Yes, Temple Bar is crowded and touristy, but there are dozens of beautiful pubs with great beer and live music playing all day long. So you don’t have to go very far to find something you’ll enjoy. Sometimes musicians play alone, sometimes as a group with several different instruments. A good rule of thumb for drinking around Temple Bar is to go wherever the music sounds best to you. If you want to drink at the Temple Bar, I recommend sneaking in between sets to increase your chances of grabbing a seat.
Visit Dublin Castle
Nestled in the center of Dublin, Dublin Castle is strikingly beautiful and also notably small. If you’re expecting sprawling grounds on a hill overlooking the city, you’ll be disappointed when you find something that probably better qualifies as a large mansion. If you’re visiting, the guided tour may be worth your while because if you only pay for admission, you can only see the state apartments. On the other hand, the guided tour will also take you to the Medieval Section and Chapel Royal. The castle exhibitions feature decorative art and paintings, so you know, chandeliers and 17th century portraits galore.
Outside the castle walls, you’ll find the beautifully maintained Dubh Linn Garden, which has plenty of beautiful corners to relax among the flowers and sculptures. The wide green center of the garden doubles as a helicopter landing pad. Also adjacent to the garden is the Chester Beatty Library, which has been called Dublin’s best museum. Its permanent Arts of the Book exhibit is far more enjoyable than the Book of Kells exhibition and it’s free to enter. The rooftop garden also gives you a nice view of Dublin Castle and Dubh Linn Garden below.
Notable places to eat and drink around town
Dublin may not have world class sights or museums. But perhaps the best way to spend your time there is to eat and drink well. And there are more than enough opportunities to do that, but I’ll leave you with a couple of suggestions that are particularly memorable.
The Church, as the name suggests, is inside a former church. I love any opportunity to do something in a church that isn’t pray so the opportunity to have a decent meal and an Irish coffee underneath a large pipe organ make this a worthy stop.
The Bank Pub is also a converted space. It’s one of the most beautiful interiors you’ll see in Dublin because it used to be, you guessed it, the Royal Bank of Ireland. Don’t let its marble pillars and ornate ceiling fool you though. Its extensive drink menu will fuck you right up. They have a handy map of the different whiskey brands of Ireland that makes you want to try them all. And who can pass up something called a Galway Hooker Honey Beer?
The Old Storehouse has some of the best food and live music in Temple Bar. I can’t vouch for the service in the crowded bar, but I can guarantee you the pub food is excellent. If you’re not dining, regular bar seating around the stage is available on a first come first serve basis, but it does get crowded, so come early in the evening.
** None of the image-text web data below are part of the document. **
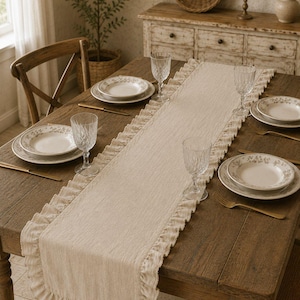 Puede incluir: Una mesa de comedor rústica preparada para una comida. La mesa tiene un camino de mesa beige con volantes. La mesa está puesta con platos, vasos y cubiertos. Los platos tienen un diseño floral.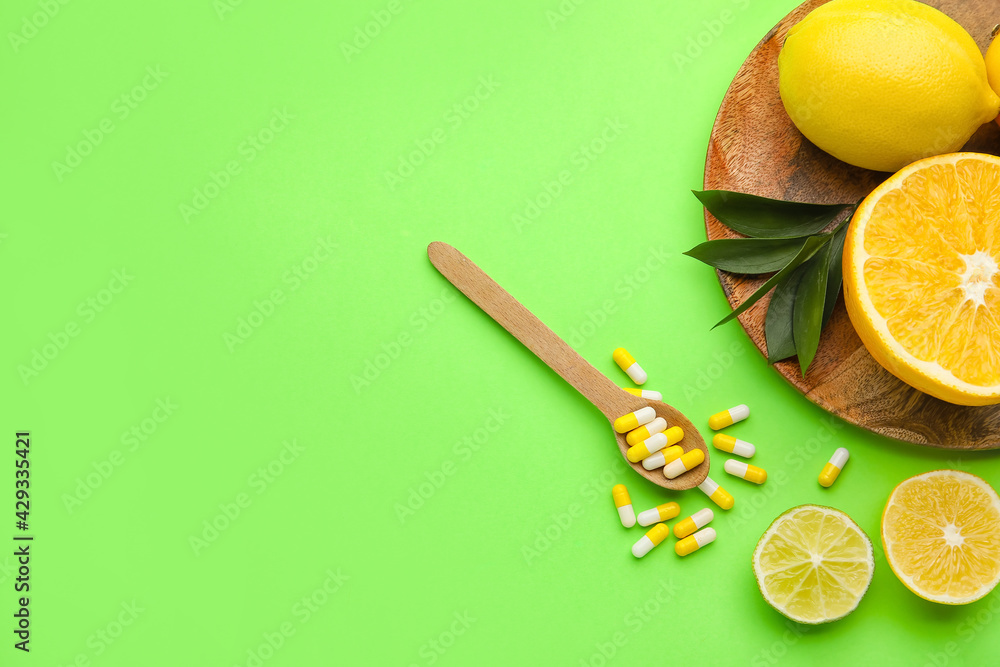 Spoon with vitamin C pills and citrus fruits on color background Stock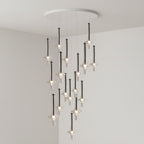 Black-stemmed Clérachic pendants in clear glass cascade from a round canopy, lit in the corner of a plain grey room.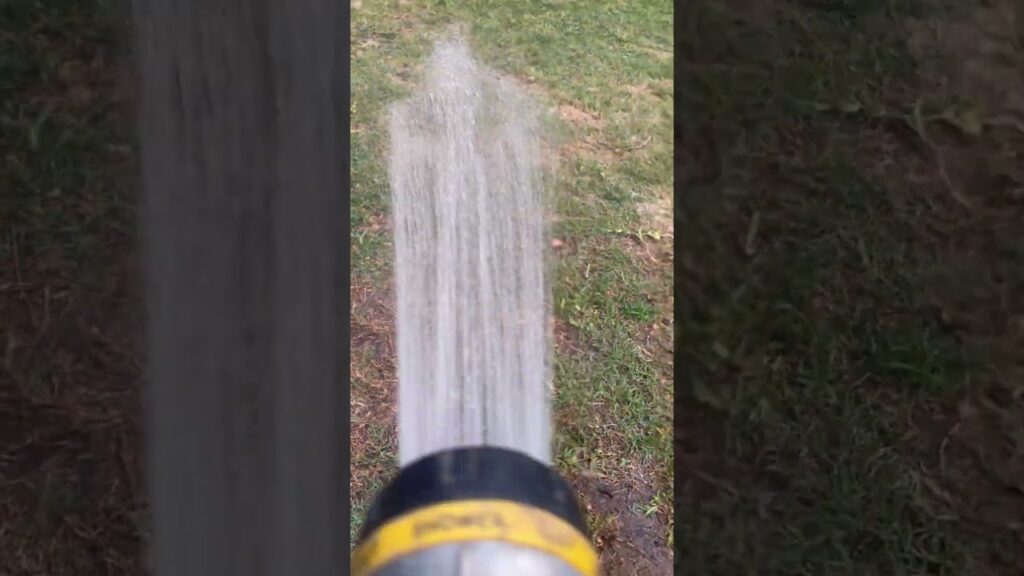 Water sprays from a hose nozzle onto a grassy lawn, demonstrating the watering process.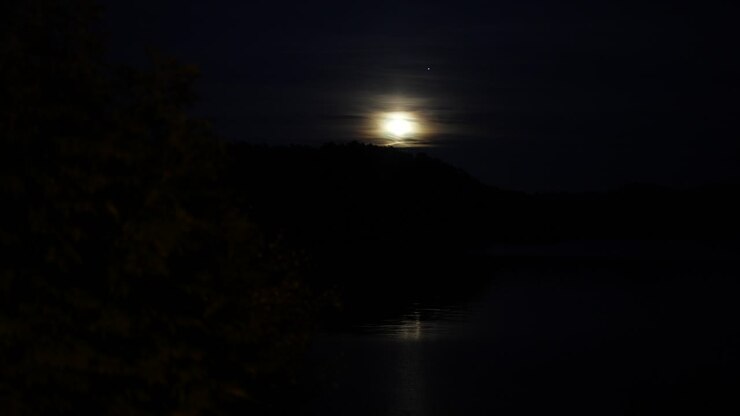 Luna luminosa che sorge sulle colline in Norvegia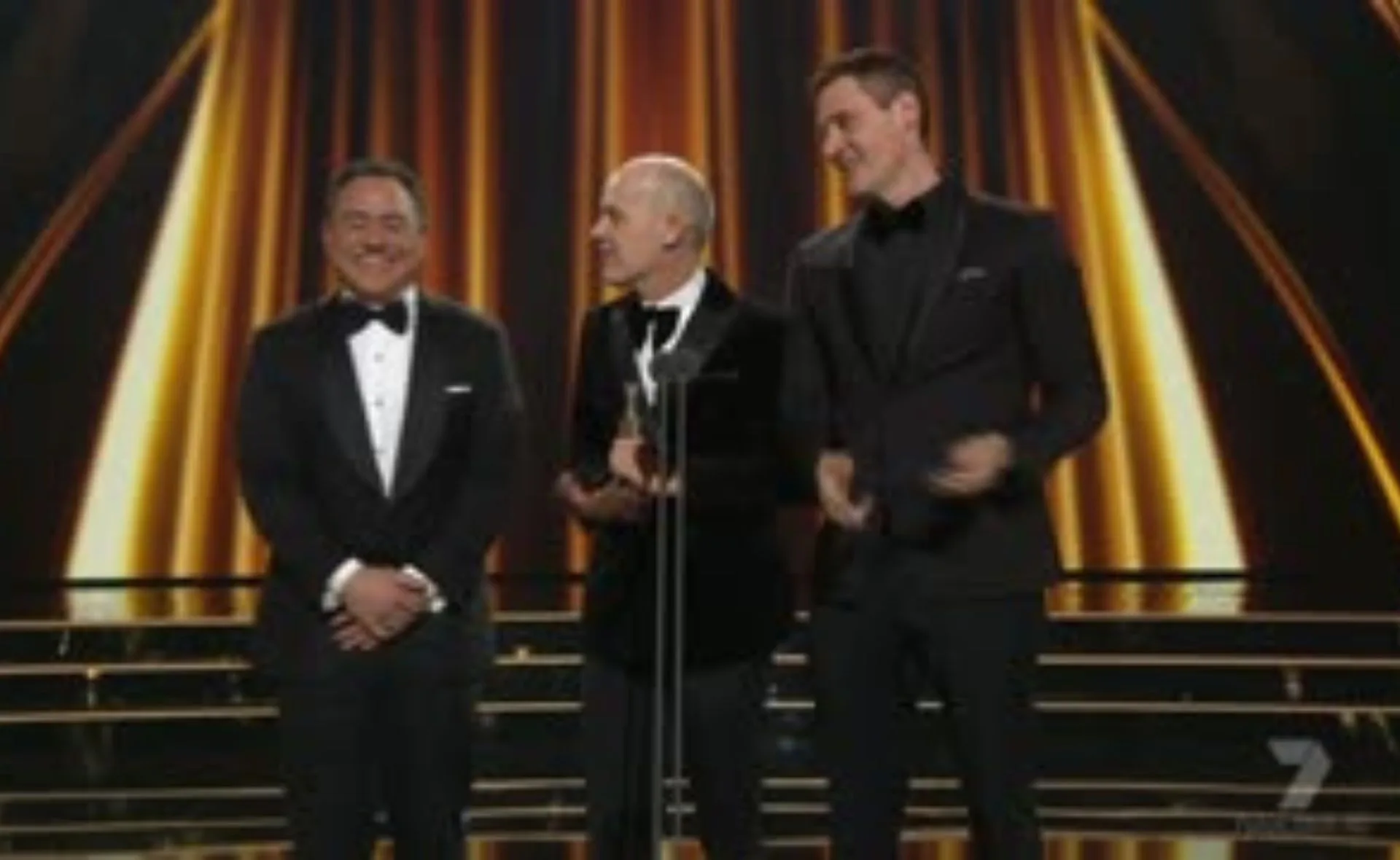Three men in tuxedos stand onstage against a glowing backdrop at an awards event, smiling and holding a trophy.
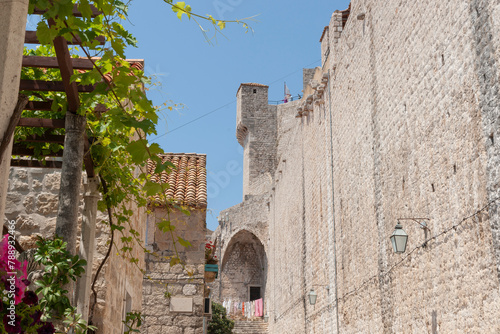 Inside wall of medieval city high wall leads to steps washing hanging in sun drying © Brian Scantlebury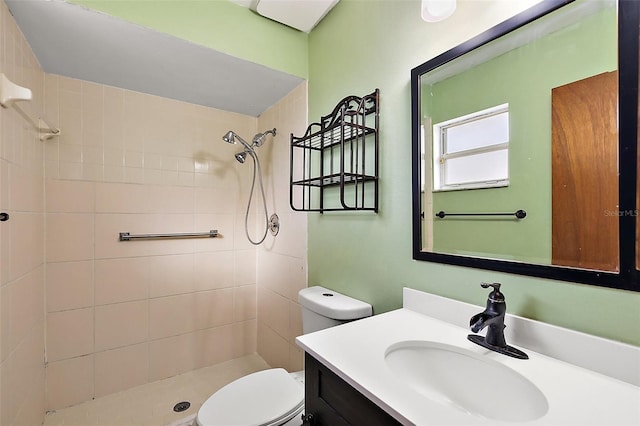 bathroom featuring toilet, vanity, and a tile shower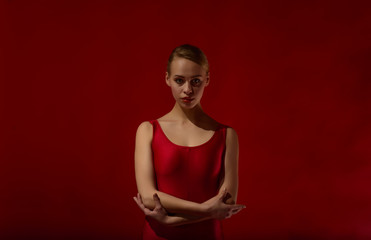 Fototapeta na wymiar Beautiful expressive dancer in red outfit, studio shot on red background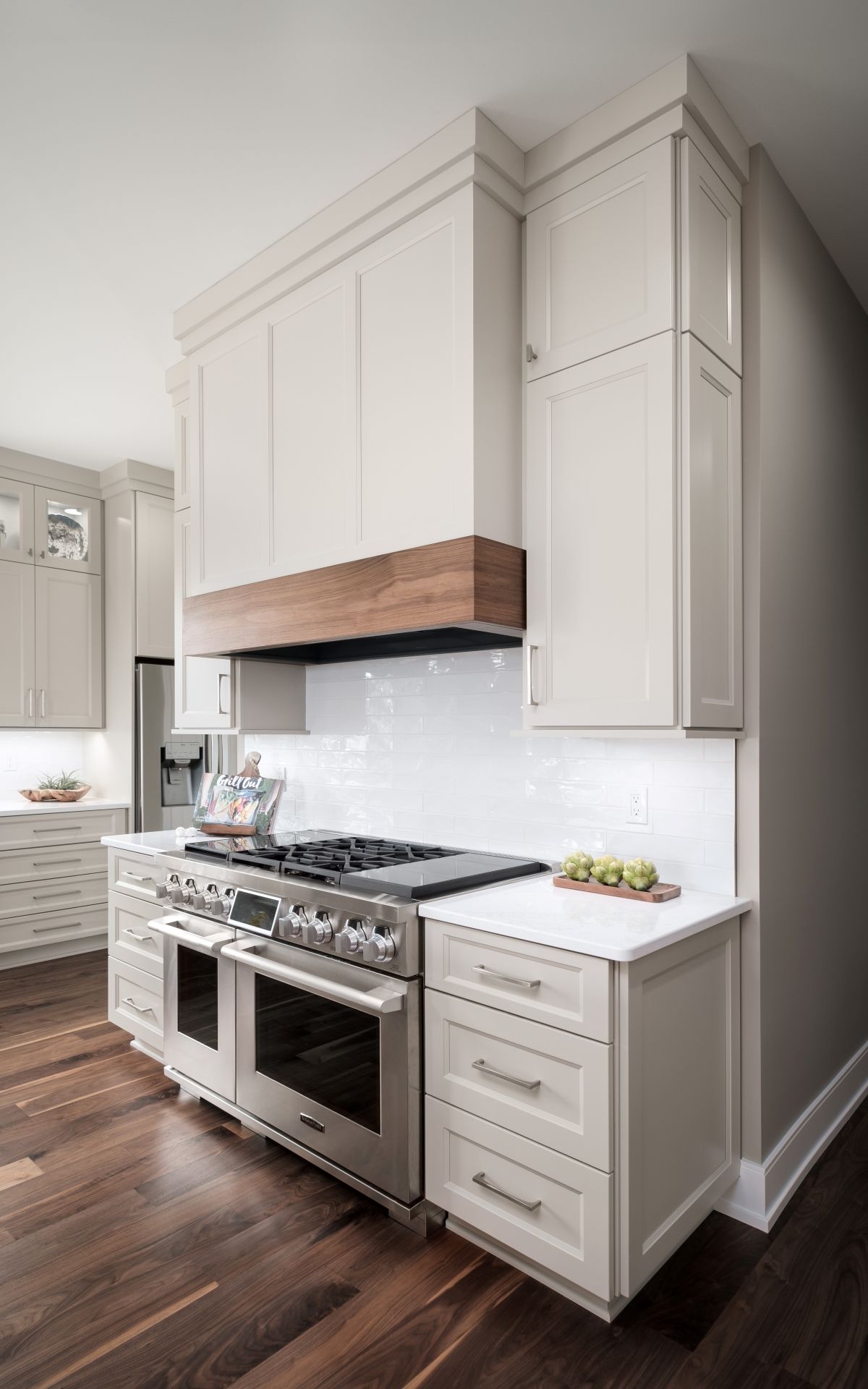 Bright modern kitchen with white cabinets, gas range, and dark wood floors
For a slightly different kind of food stop, the Rolling Donut has excellent sweet treats just off O’Connell Street. So if you happen to be sightseeing in the area, pop in for a Bailey’s cream donut before you head toward the Spire in the center of the avenue.
Remember how I said you could skip the Irish dinner show and see traditional Irish dancing out in the right pub? My best recommendation for that is The Celt. The local pub has a better mix of tourists and locals than anything in Temple Bar, and when the music starts in the evenings, you’ll find plenty of people singing and dancing their little Irish hearts out. You might even learn a step or two.